Input ->

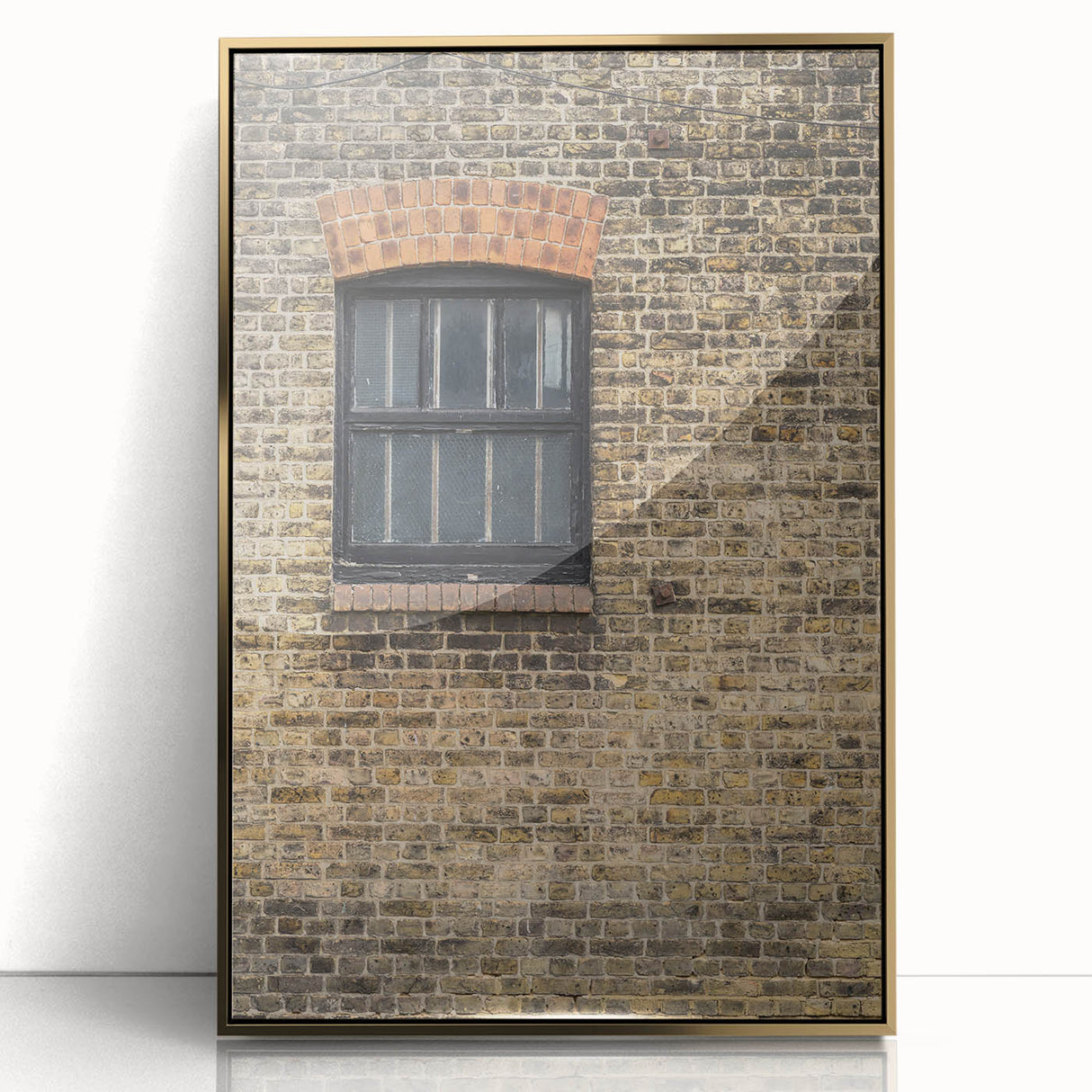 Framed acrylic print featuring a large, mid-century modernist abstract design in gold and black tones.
==
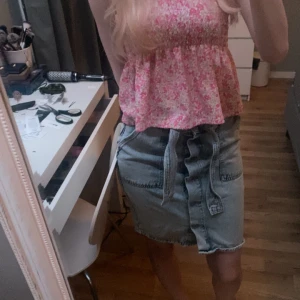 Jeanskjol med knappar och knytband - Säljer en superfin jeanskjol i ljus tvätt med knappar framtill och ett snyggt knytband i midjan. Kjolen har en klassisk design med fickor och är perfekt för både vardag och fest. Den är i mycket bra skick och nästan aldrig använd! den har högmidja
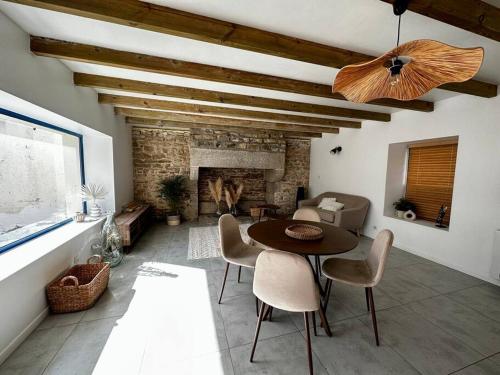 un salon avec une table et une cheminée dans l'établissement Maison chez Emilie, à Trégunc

Task goal -> The data above holds the lines to copy: start at the one with "Jeanskjol med knappar", stop at the one with "un salon avec", include both, copy them exactly without pictures, and copy nothing else.

Answer to this task ->
 Jeanskjol med knappar och knytband - Säljer en superfin jeanskjol i ljus tvätt med knappar framtill och ett snyggt knytband i midjan. Kjolen har en klassisk design med fickor och är perfekt för både vardag och fest. Den är i mycket bra skick och nästan aldrig använd! den har högmidja
 un salon avec une table et une cheminée dans l'établissement Maison chez Emilie, à Trégunc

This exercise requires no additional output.